Article Text


Concise report
Analysis of uveitis rates across all etanercept ankylosing spondylitis clinical trials
  1. J Sieper1,
  2. A Koenig2,
  3. S Baumgartner3,
  4. C Wishneski2,
  5. J Foehl2,
  6. B Vlahos2,
  7. B Freundlich2
  1. 1
    Charité Medical University, Berlin, Germany
  2. 2
    Wyeth Pharmaceuticals, Collegeville, Pennsylvania, USA
  3. 3
    Amgen, Thousand Oaks, California, USA
  1. Correspondence to Professor J Sieper, Universitätsmedizin Berlin, Campus Benjamin Franklin, Med Klinik I – Rheumatologie, Hindenburgdamm 30, 12200 Berlin, Germany; Joachim.sieper{at}


Objective: To assess uveitis (including iritis and iridocyclitis) incidence from clinical trials of etanercept in patients with ankylosing spondylitis (AS).

Methods: Clinical trials of etanercept in AS (four placebo-controlled; one active-controlled; three open-label) were examined for reports of uveitis. Between-group differences with confidence intervals (CIs) in the uveitis rates were calculated for the double-blind, active-controlled and long-term studies.

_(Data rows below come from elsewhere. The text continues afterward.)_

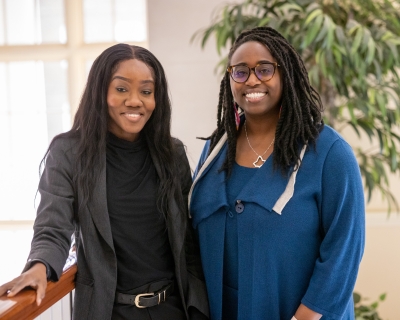 Two black women dressed in business attire smile at the camera as they stand next to each other.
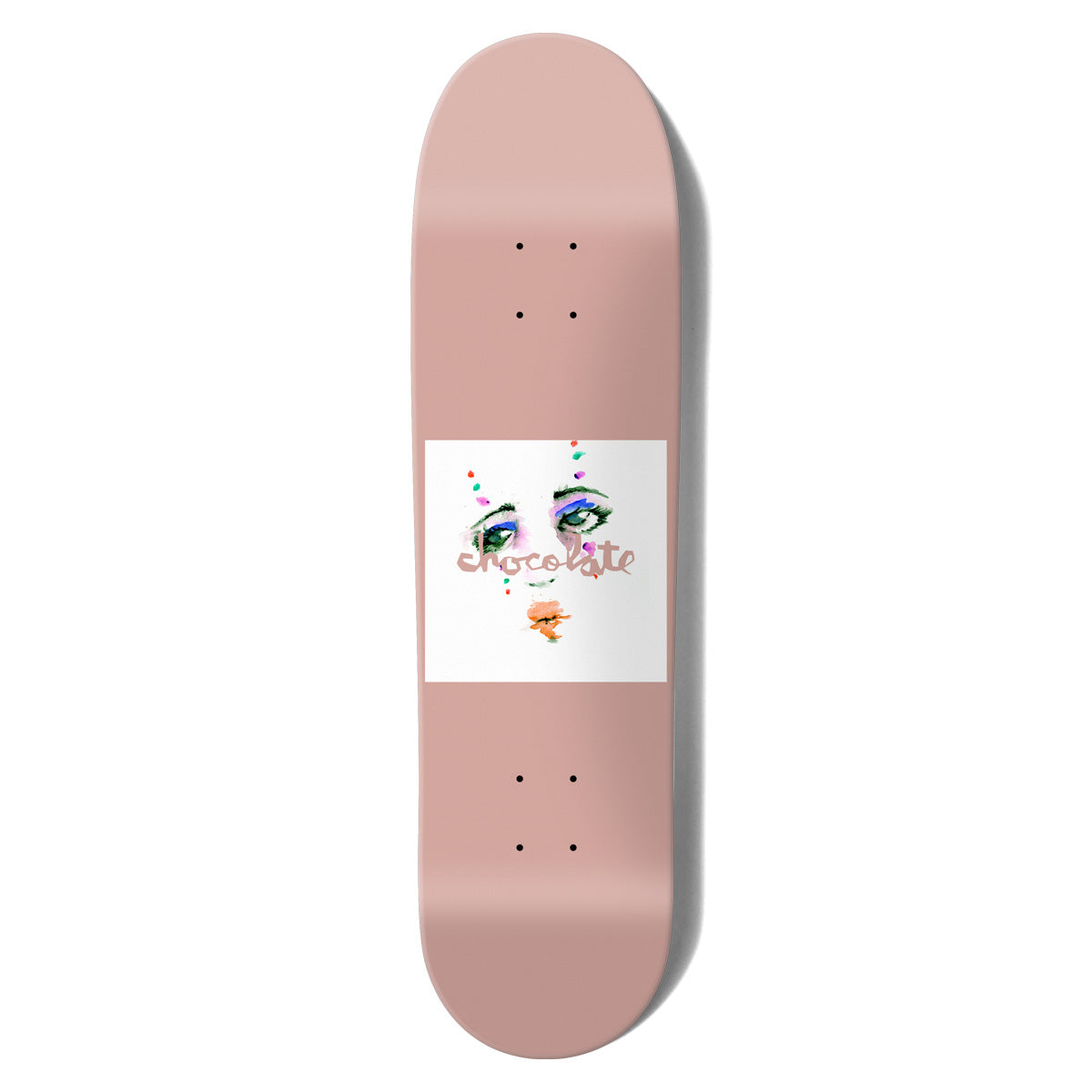 Chocolate Anderson Dream Rodeo Skidul skateboard deck: Plain dusty pink deck with a white square in the centre showing a painted woman's face, with only eyes and mouth visible, and dots of colour. Chocolate logo in pink script across it.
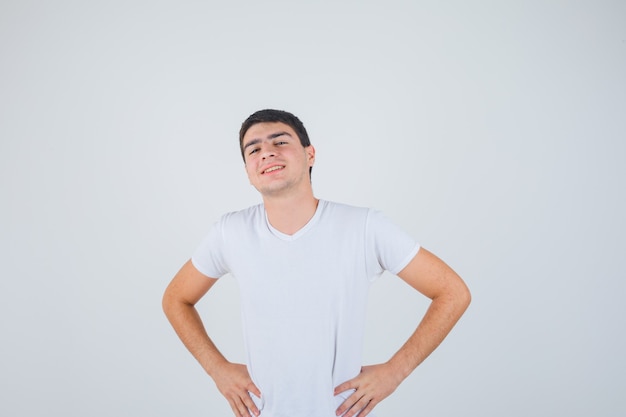 Varón joven posando con las manos en la cintura en camiseta y mirando alegre, vista frontal.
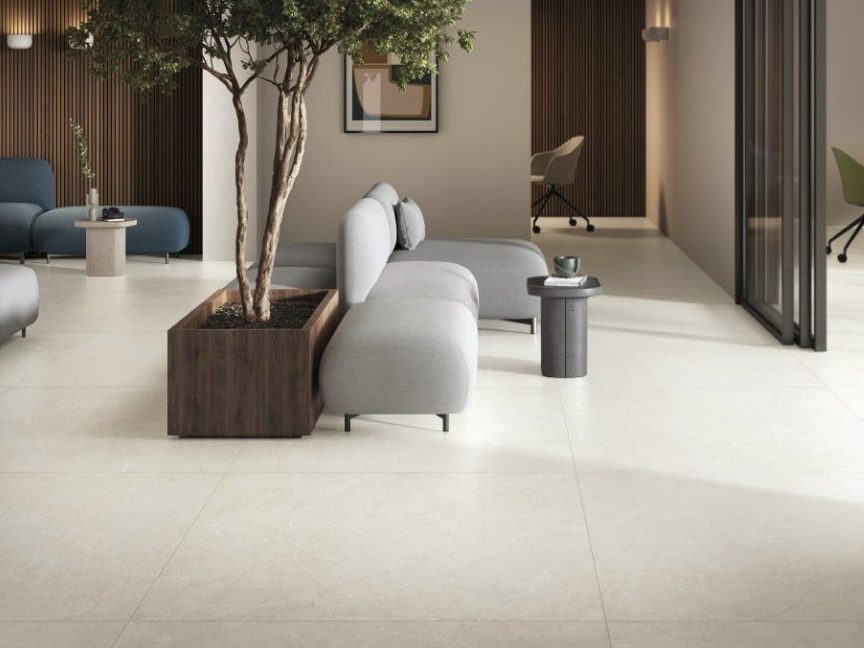 Large format 48x48 porcelain tile floor with minimal grout lines in a modern interior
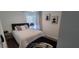 Well-lit bedroom with a bed, nightstand, and decorative wall art at 10064 82Nd St, Seminole, FL 33777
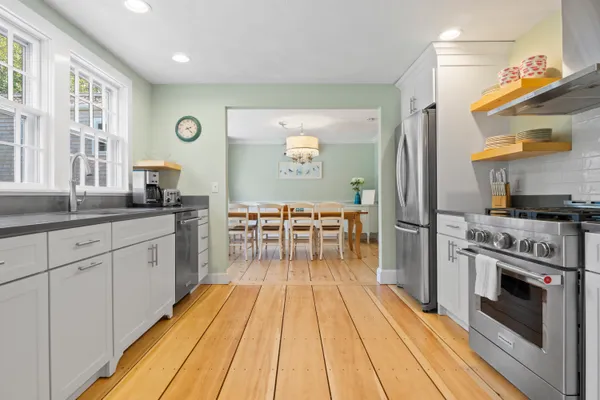 a kitchen with stainless steel appliances a stove a sink and a refrigerator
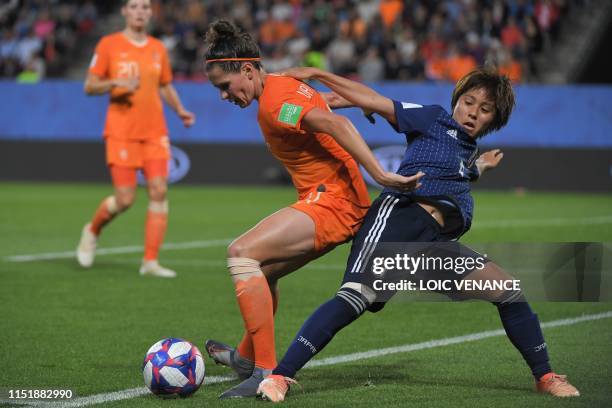 Japan's forward Mana Iwabuchi vies with Netherlands' defender Merel van Dongen during the France 2019 Women's World Cup round of sixteen football...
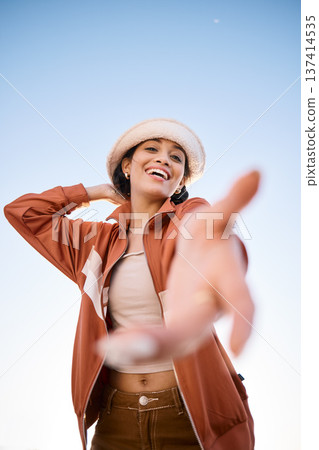 Portrait, woman smile and offer helping hand to welcome outdoor on low angle mockup space. Happy, palm and person giving assistance for support, care or acceptance of handshake sign for invitation 137414535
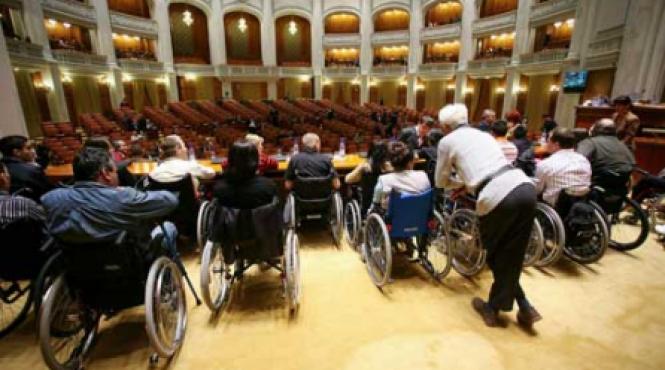 guvernul taie banii handicapatilor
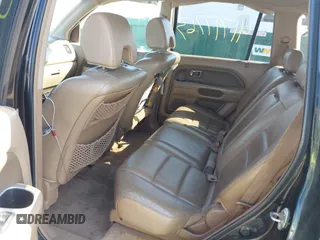 2006 Honda Pilot EX-L with VIN 5FNYF18766B008879, listed as a IAAI auction lot 41797763 with 398,242 mi miles and . Bid and sale history available at DreamBid. Image 8.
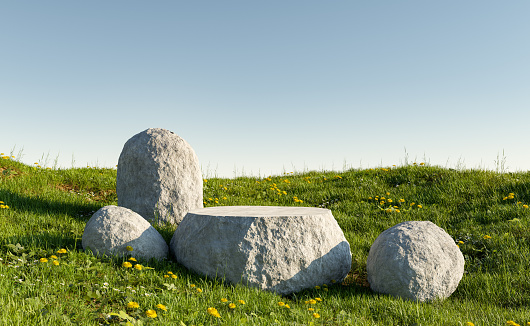 stone product display stand in a green meadow with flowers and clear sky. 3d rendering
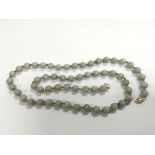 A pale jade necklace with 14k gold clasp.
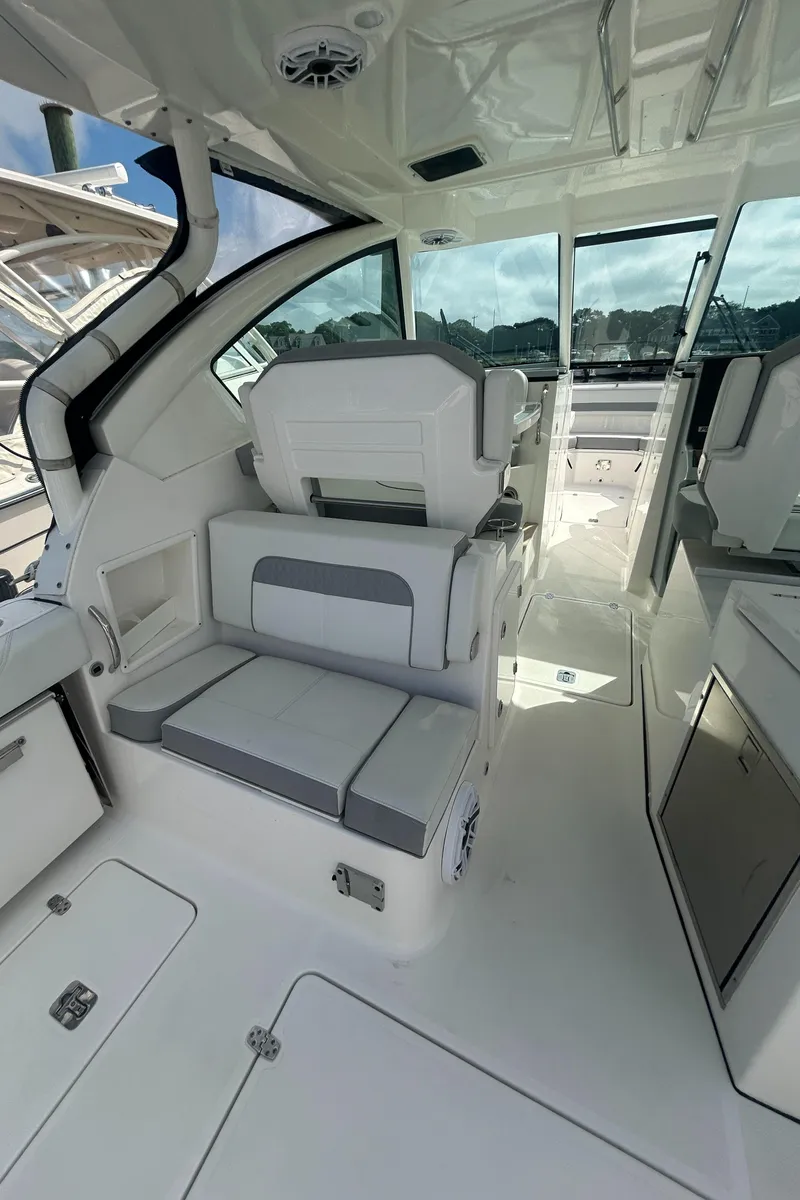 Slide: The Image of 2023 Pursuit DC326 boat helm with steering wheel and control panel. - 11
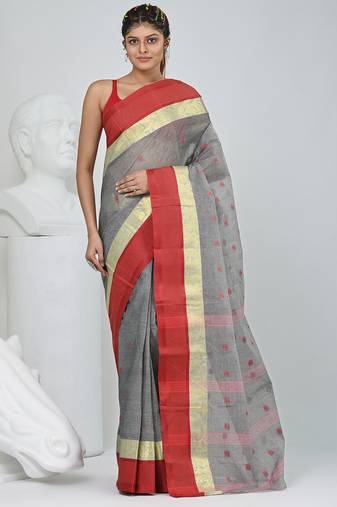 Stylish grey tant saree with red and gold border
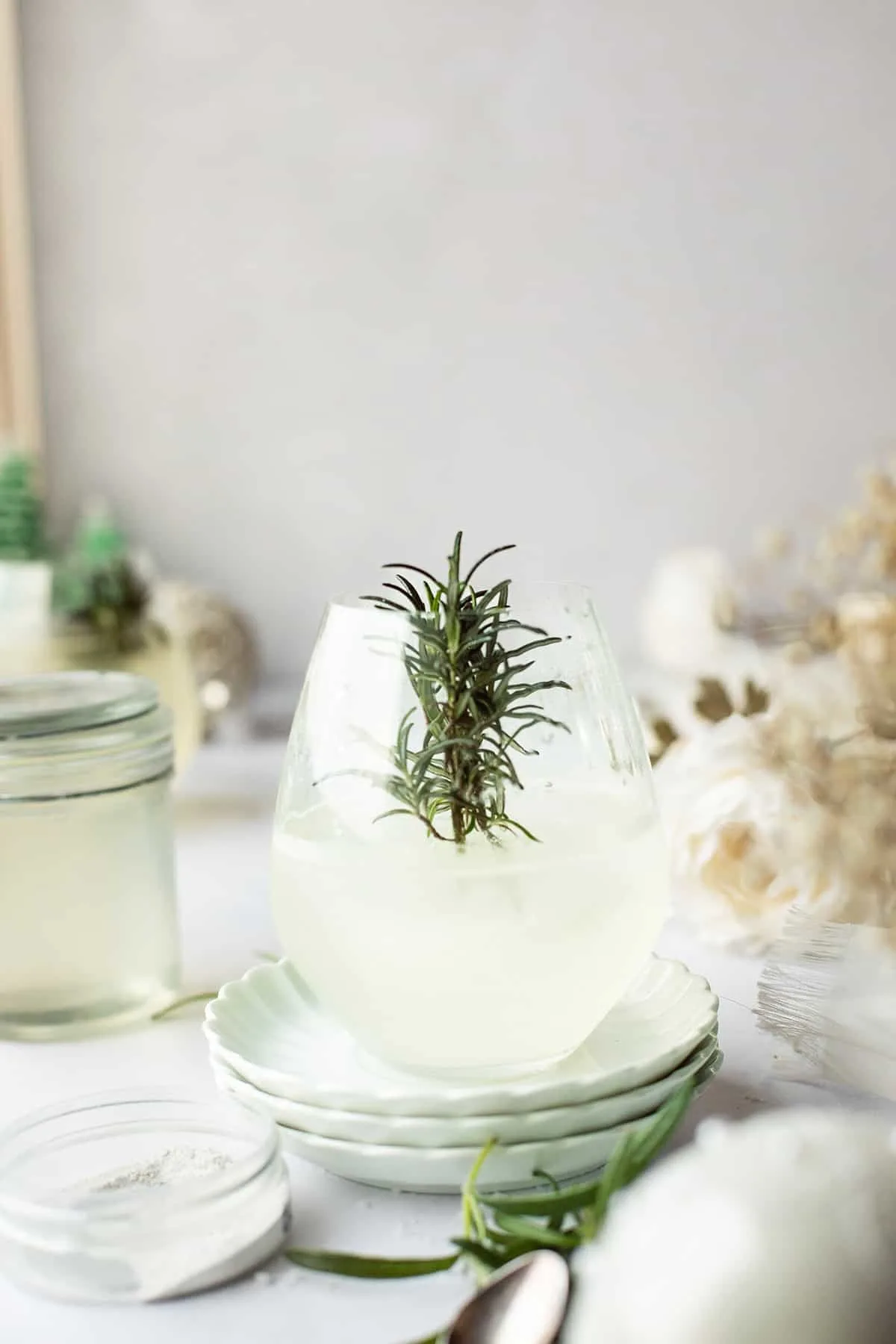 Snow globe glass with the peppermint cocktail before pouring in the sparkling element.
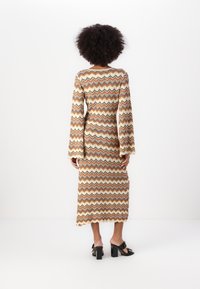 Robe longue et ajustée avec un motif en zigzag dans les couleurs orange, marron et crème. Manches évasées et longueur mi-mollet. Portée avec des sandales à talons carrés.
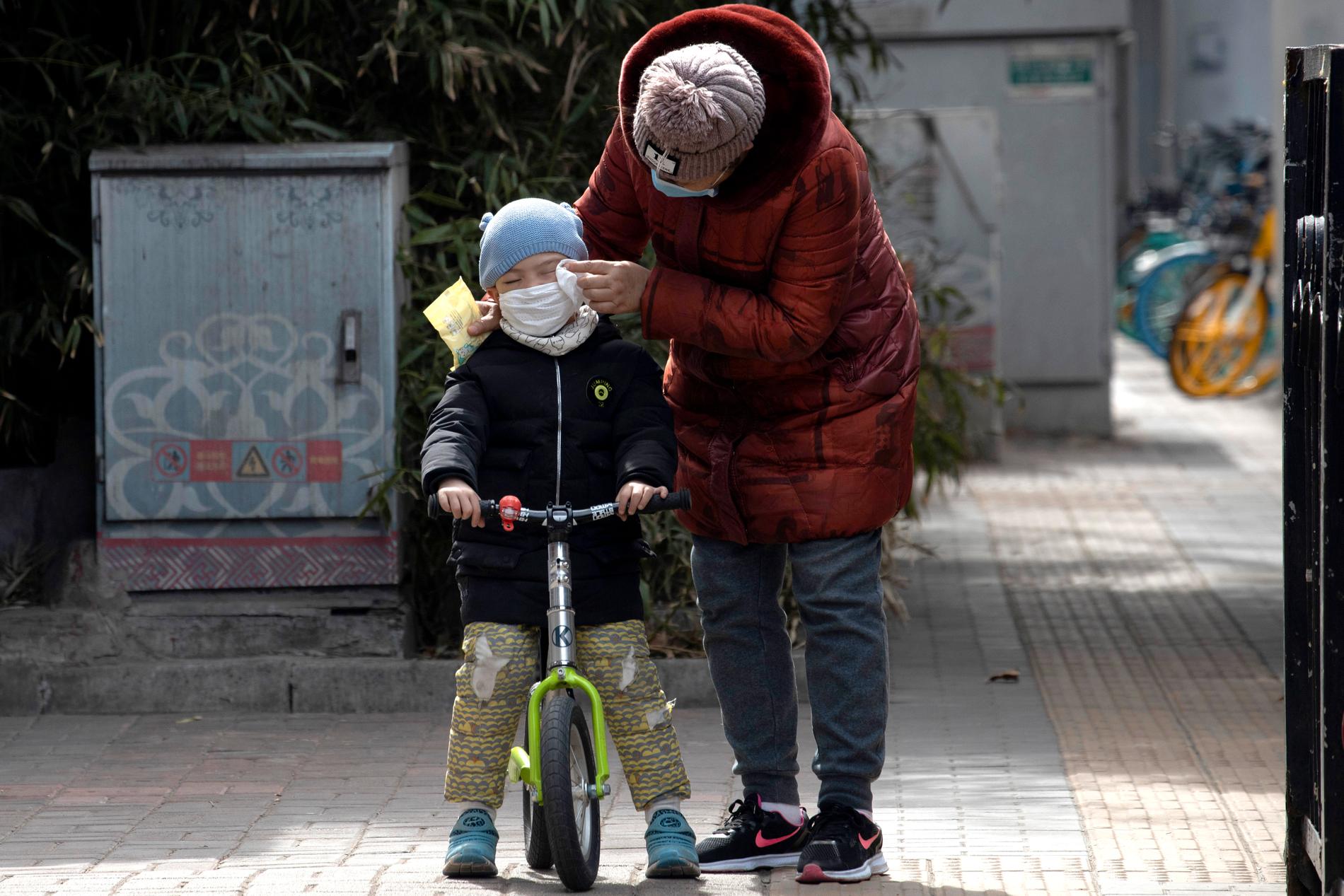En kvinna hjälper ett barn på en gata i Peking.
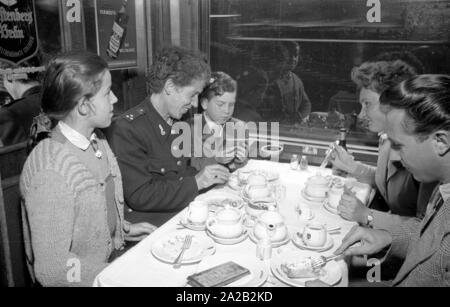 Photo of the interzonal train on the route Leipzig-Gutenfuerst-Hof-Munich. This train was known for its 'all-German' dining car, which was popular due to the 1: 1 exchange rate, especially among East German travelers. Photo of train passengers drinking coffee and eating cake in the dining car. The East German railway employee (left) with her two children sits at the table together with a woman from Munich and a student from the village. Stock Photo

Results: In placebo-controlled trials, the uveitis rate per 100 subject years (95% CI) for etanercept (8.6 (4.5 to 14.2)) was lower than that for placebo (19.3 (11.0 to 29.8), p = 0.03). In the active comparator trial, rates for etanercept and sulfasalazine were similar (10.7 (5.5 to 17.6) and 14.7 (6.4 to 26.5), respectively; p = 0.49). The long-term rate for etanercept, estimated from both placebo-controlled and open-label extension studies was 12.0 (10.0 to 14.1).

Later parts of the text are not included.